A mixed collection of small shell utilities I've written over the years to make my own life easier. Some are broadly useful; plenty are niche to my own workflow. Every script has a test and a doc.
- Browse the catalog: INDEX.md — rendered at https://toolio.sh
- Rendered docs:
https://toolio.sh/<script>.md.html(e.g. tsd) - Conventions: CONVENTIONS.md, DOCS.md, TESTING.md
A few that might be worth a look before you scroll the catalog. These are mostly the ones where the script does something non-obvious or solves a recurring annoyance.
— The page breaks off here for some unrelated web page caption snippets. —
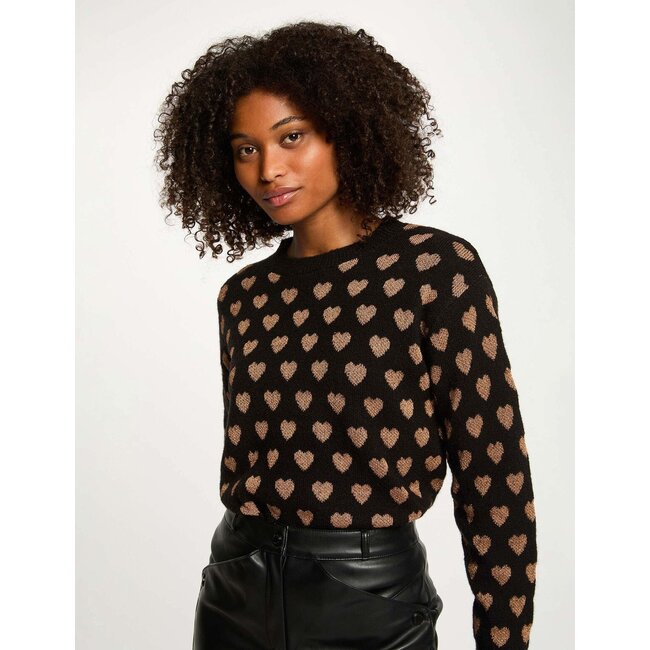 Morgan Printed jumper round neck 252-Mcoeur black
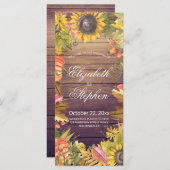 結婚式 プログラムオータムメープル葉ズカボキンズウッド プログラム (正面/裏面)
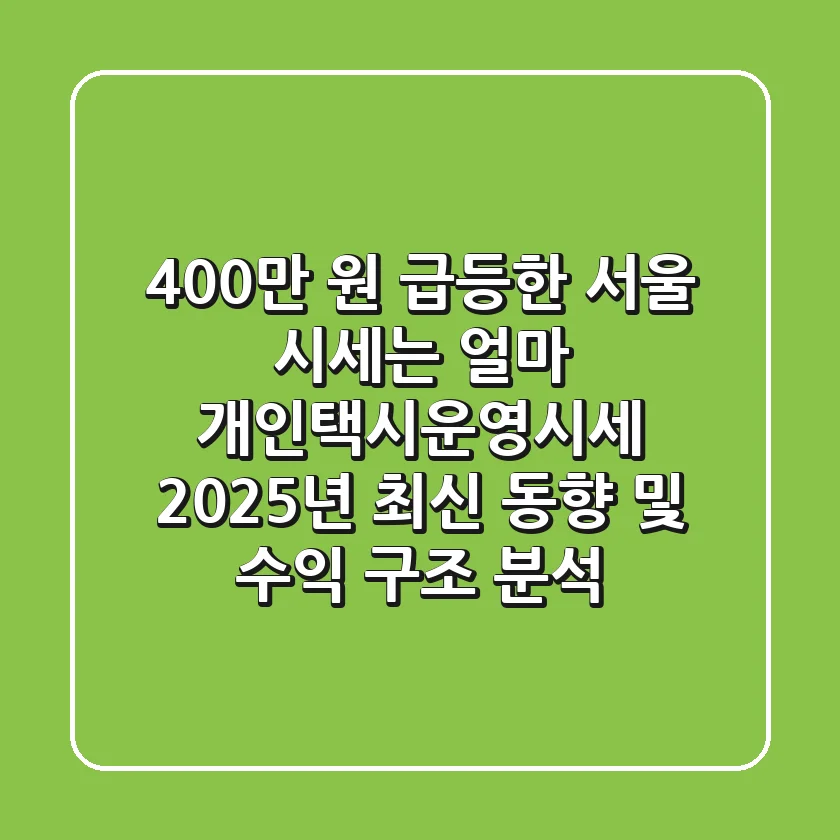 "400만 원 급등한 서울 시세는 얼마?" 개인택시운영시세, 2025년 최신 동향 및 수익 구조 분석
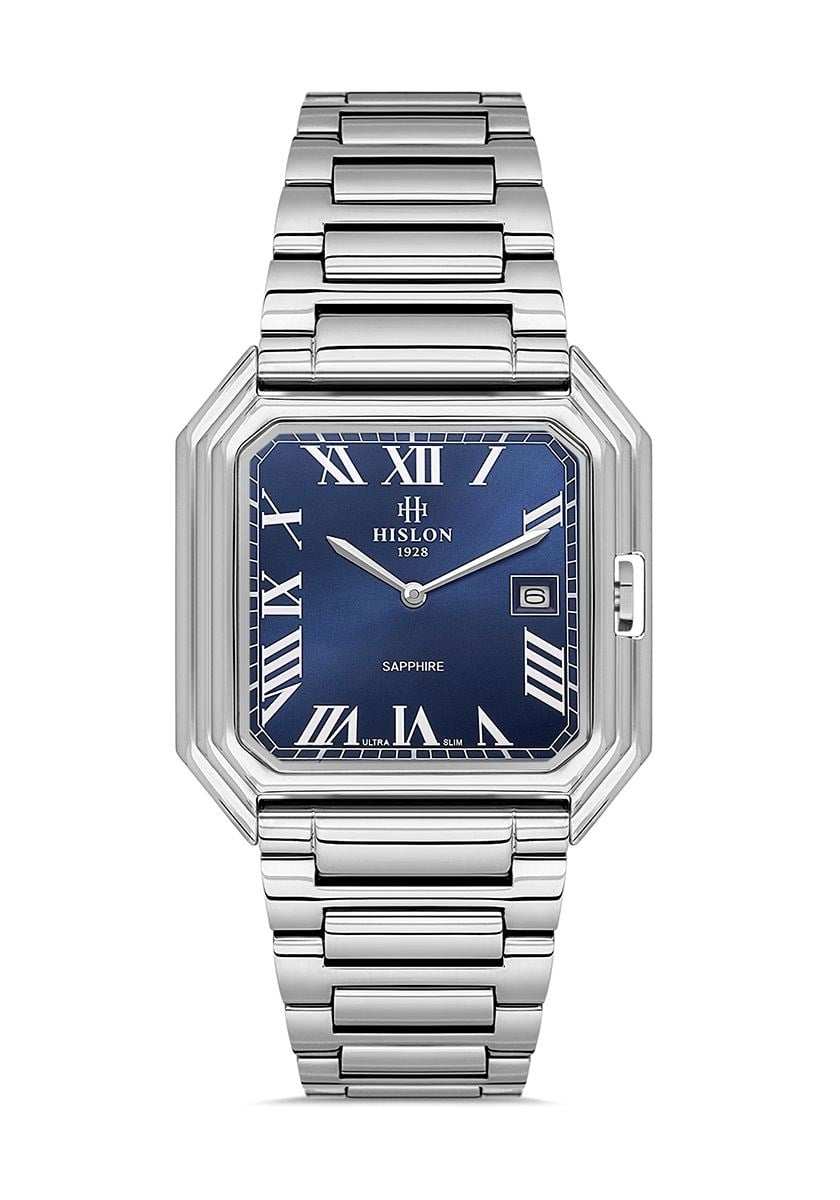 Hislon Çelik Kasa Kordon Köşeli Lacivert Kadran Safir Cam Ultra İnce Silim Kasa  Klasik Erkek Kol Saati CL170S-11SS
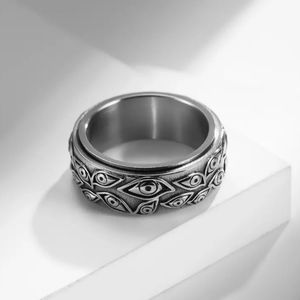 Silver titanium evil eye spinner fidget goth punk ring sz 12 new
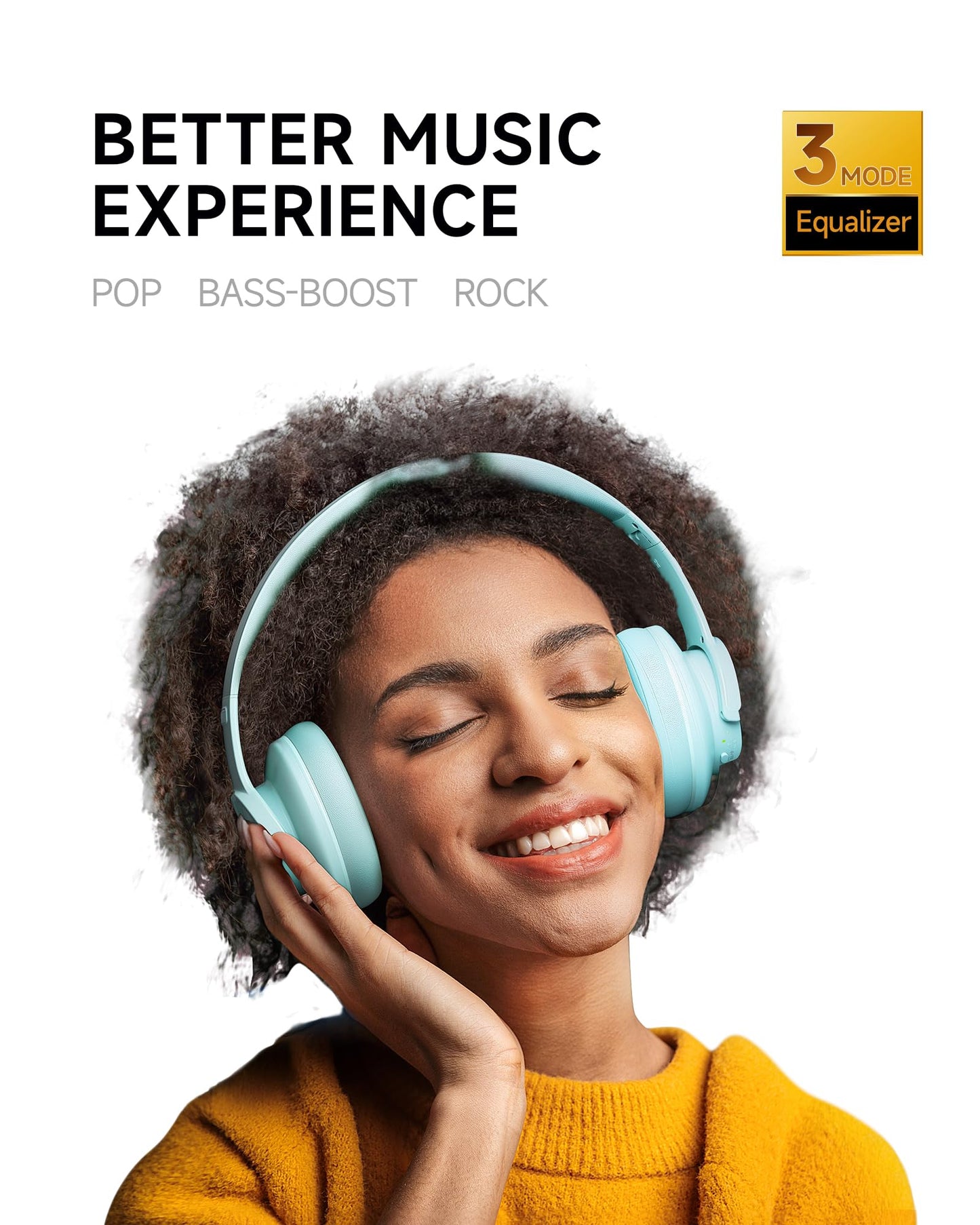 Picun B8 Bluetooth Over Ear Headphones, 120H Playtime with 3 EQ Modes, Low Latency, Hands-Free Calls, Deep Bass for Travel, Home, Office & PC (Cyan)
prompt(script) — sourced interactive prompt with default value and placeholdertsd(script) — paste any number, get back a timestamp or a durationinflate(script) — historical USD amounts adjusted for inflationcurl-timing(script) — time HTTP requests and compare URLs head-to-headpin-dns(script) — curl wrapper that overrides DNS without touching/etc/hostsexplode(script) — move a directory's contents up one level after a nested-folder unzip
Every script is a one-liner away — no install step. Pipe it straight into bash:
curl -fsS https://toolio.sh/tsd | bash -s -- 1800
curl -fsS https://toolio.sh/inflate | bash -s -- 150 1970
The only exception is prompt, which must be sourced so it can set a variable in your shell. For a one-shot run without installing:
. <(curl -fsS https://toolio.sh/prompt) name "Name: "
To put scripts on your $PATH for repeated use, pipe get to bash with the names you want:
curl -fsS https://toolio.sh/get | bash -s -- tsd pin-dns inflate
Run with no args to see what's available:
curl -fsS https://toolio.sh/get | bash
Scripts install to ~/.local/bin by default; override with e.g. INSTALL_DIR=~/bin. See get for the full reference.
If you'd rather not pipe to bash:
curl -fsS https://toolio.sh/tsd -o ~/.local/bin/tsd
chmod +x ~/.local/bin/tsd
macOS ships with an ancient (2007) version of Bash, but every script in this repo targets Bash 3.2, so they run on stock macOS without Homebrew or a shebang swap. The reason it's that old: Bash moved from GPLv2 to a license that demands more openness from distributors – "GPLv3 is to Silicon Valley as garlic is to vampires". Without opening up their own software, Apple cannot distribute Bash 4.0+ with their OS, which is also why recent versions of macOS have zsh as the default interpreter/shell.
Fun fact: /bin/sh is effectively a symlink to run /bin/bash --posix – it doesn't actually run the Bourne shell.